Leisure

O Street Special

By the

October 20, 2005


Walking into the basement of 2020 O St. is like walking into a nightmare. The small basement foyer and proceeding hallway are narrow, dark and windowless, and packed to the rim with bizarre knick-knacks and memorabilia. To your left, a Chuckie-esque portrait of a cigar-smoking clown holds your hat and raincoat. From every direction it seems that a possessed hand-me-down, be it a stuffed Care Bear or an autographed poster of Simon and Garfunkel, is watching you, plotting your murder and laughing morosely at the prospect, making for an unintentionally terrifying experience for the Halloween season.

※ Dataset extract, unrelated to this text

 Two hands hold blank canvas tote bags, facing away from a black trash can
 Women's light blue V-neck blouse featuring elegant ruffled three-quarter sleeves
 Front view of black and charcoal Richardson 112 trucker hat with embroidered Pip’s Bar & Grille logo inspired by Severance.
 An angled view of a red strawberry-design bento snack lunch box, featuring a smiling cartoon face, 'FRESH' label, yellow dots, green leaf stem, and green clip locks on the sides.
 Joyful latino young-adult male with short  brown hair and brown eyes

The Mansion on O Street, one of the attractions of this year’s 38th annual Dupont House Tour, is a venue of self-proclaimed madness and instability. Its flyer bills it as “Hotel, Private Club, Museum, Creative Services.” The place includes “two grand ballrooms, 12 separate dining areas, 21 conference rooms, 19 guestrooms, 16 fireplaces, 21 secret doors” and a whole lot of junk. As you ascend the staircase through each level of the mansion, you begin to feel more and more like a character in Labyrinth, with David Bowie shutting the secret doors in your face. The walls of “antiques” and “collectibles” are impenetrable, claustrophobic and repulsively overbearing.

If you step into the large industrial kitchen, the floor is painted to look like the surface of a pool, with two little children portrayed in their attempt to climb out onto the stairs. This seems pretty cool when you consider the ingenuity behind the design, but quite sickening when you consider the real nature of the painting. The kids, after all, can’t ever get out of the pool, and suddenly you realize that you have no idea how you’re going to surface from the depths of this kitsch-ridden hotel.

Things get better (or worse) when you discover that everything in the hotel is for sale. For a while, shopping made my fears of entrapment subside, as I tried on some d?coupaged tiger-face earrings, handled several vases and tea-sets and tried on a “Mr. Rogers” cardigan hanging in the closet of one of the bedrooms. I even thought about purchasing a liquor dispenser called “The Whizzer.”

As I took a right into another one of the hotel’s narrow passageways, I squeezed up against three men who had just emerged from a secret passage, relieved and unscathed. As they passed me one man shouted back to his friends, “This is probably what hell is like.”